How to write an Elixir code formatter

scapybara

Shohei Kajihara

Posted on December 14, 2019

How to write an Elixir code formatter

Overview

Elixir has a great advantage to have its standard code formatter. Just running mix format makes all source codes of your project formatted, so that you don't need to care about improper indents or spaces and can concentrate on important things when writing and reviewing codes.

However, sometimes you need a coding style guide which the formatter does not cover. Elixir's abundant ability of expression, which really I love, does not only let you write effectively but also leads to inconsistency of styles. This is because often each project has its coding style guide. My project also has one based on https://github.com/christopheradams/elixir_style_guide, where directives such as alias are grouped and ordered as follow:

defmodule Example do
  use Foo

  import Foo

  alias Foo
  alias Foo.{A, B}
  alias Foo.C.D

  require Foo
end

This is a trivial rule but I feel annoyed when it is not obeyed:

defmodule Example1 do
  import Foo
  use Foo
  alias Foo.{B, A}
end

defmodule Example2 do
  use Foo

  alias Foo.{A, B}
  import Foo
end

Code reviews can remove such an inconsistency, however, result in the same problem as indents or spaces.

To solve this, I created a library to automatically format codes to follow the rule above: uiar. In this article, how to write a code formatter is briefly introduced by explaining the way the library is implemented as an example.

This is written as a part of Akatsuki’s 2019 Advent Calendar (Japanese).

How mix format works

Before the library, let's examine how Elixir's standard code formatter works.

mix format calls Mix.Tasks.Format.run/1, of course, which internally invokes Code.format_string!/2:

@spec format_string!(binary, keyword) :: iodata
def format_string!(string, opts \\ []) when is_binary(string) and is_list(opts) do
  line_length = Keyword.get(opts, :line_length, 98)
  algebra = Code.Formatter.to_algebra!(string, opts)
  Inspect.Algebra.format(algebra, line_length)
end

Code.Formatter.to_algebra!/2 converts a source code to an AST and then a form called an algebra document, which is suitable for code formatting. Inspect.Algebra.format/2 formats an algebra into a string in a way to keep all lines to have length shorter than line_length. See the document of Inspect.Algebra for details about algebra documents.

When converting a string to an AST, Code.Formatter.to_algebra!/2 passes its private function as an option to :elixir.string_to_tokens/4. And furthermore, conversion to an algebra document is wholly done by its private functions. If we adopt a strategy to utilize these functionalities, we need to copy and paste a lot of codes from there.

Strategy

In order to achieve my purpose without copying and pasting codes, I decided to write my program to format codes from scratch. While this choise leads to lesser performance, we can avoid paying maintenance costs for the copied codes. My library has adopted a strategy to analyze a code by using its AST and then formats it by simple line-to-line text editing.
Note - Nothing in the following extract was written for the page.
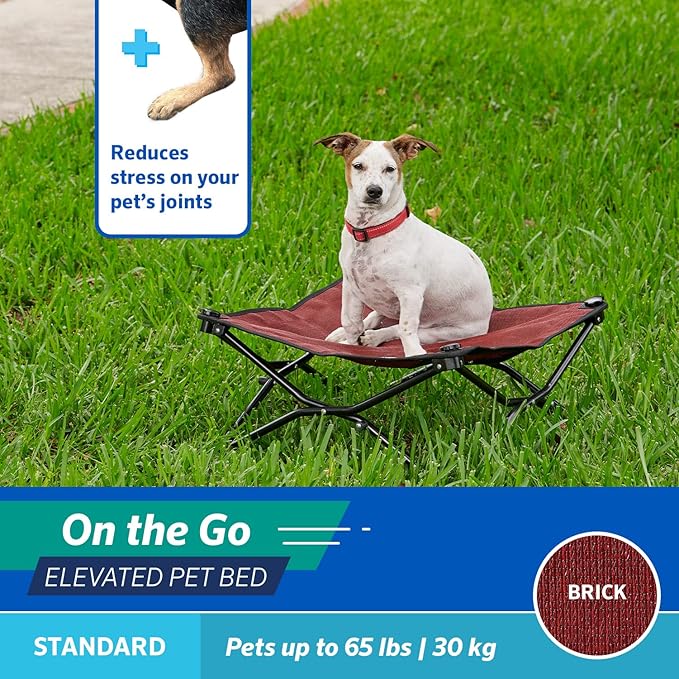 Coolaroo On-The-Go Elevated Dog Bed - Foldable Pop-Up Travel Dog Bed with Breathable, Moisture-Resistant Fabric, Carry Bag Included, Lightweight & Portable, Brick, Standard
We could simply use regex or something if a code is naive, but in order to correctly analyze a large and complex codebase, it is better to utilize an AST. For example, it is easy to find out that each of line 2 and 3 is alias and has a target Foo2 and Foo1 respectively from following code:

defmodule Example do
  alias Foo2
  alias Foo1
end

But, how about this?

defmodule Example do
  alias Foo2.{
    Bar2
    Bar1.Baz,
  }
  alias Foo1
end

On the other hand, you may think that we can directly use an AST to format a code. However, the document of Macro.to_string/2 says:

This function discards all formatting of the original code.

In fact,

defmodule Example do
  alias Foo2
  alias Foo1
end

becomes as follows:

defmodule(Example) do
  alias(Foo2)
  alias(Foo1)
end

Thus, I implemented the formatting part by simple text editing. Details of this part are not described here because they depend on each formatting functionality. See the repository on GitHub if you are interested.

AST Examples

So, what we get when converted a code to an AST?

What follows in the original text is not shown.